Avverso questa sentenza proponeva ricorso principale Tizia.

La Corte di Cassazione accoglie il ricorso, dichiarando la revoca di diritto del testamento, aderendo alla ricostruzione della più recente giurisprudenza che rinviene nella norma un fondamento oggettivo, individuabile nella modificazione della situazione familiare in relazione alla quale il testatore aveva disposto dei suoi beni.
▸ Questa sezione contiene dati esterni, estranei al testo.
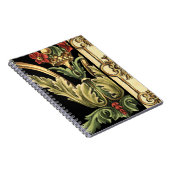 Zierblumendesign an schwarzen Grenzen Notizblock (Rechte Seite)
La Suprema Corte dissente pertanto dalla lettura restrittiva dell'art. 687 c.c. fatta dai Giudici di appello, per i quali l'equiparazione tra riconoscimento e dichiarazione giudiziale di paternità può predicarsi solo laddove la dichiarazione sia richiesta prima della morte, sottolineando che «(…) il testo della norma che contempla l'ipotesi di revocazione del testamento anche nel caso di sopravvenienza di figli postumi (…) rende evidente come per la perdita di efficacia del testamento non sia coessenziale la previa possibilità del testatore di poter disporre altrimenti».

La questione

La revocazione del testamento ex art. 687 c.c. è ricollegabile all'ipotesi in cui sia vittoriosamente esperita contro il testatore l'azione di accertamento di filiazione naturale in epoca successiva alla morte dello stesso e segnatamente ancorché il testatore fosse cosciente dell'esistenza del figlio?

Le soluzioni giuridiche

La soluzione della questione in esame è strettamente correlata alla ricostruzione della ratio sottesa all'art. 687 c.c..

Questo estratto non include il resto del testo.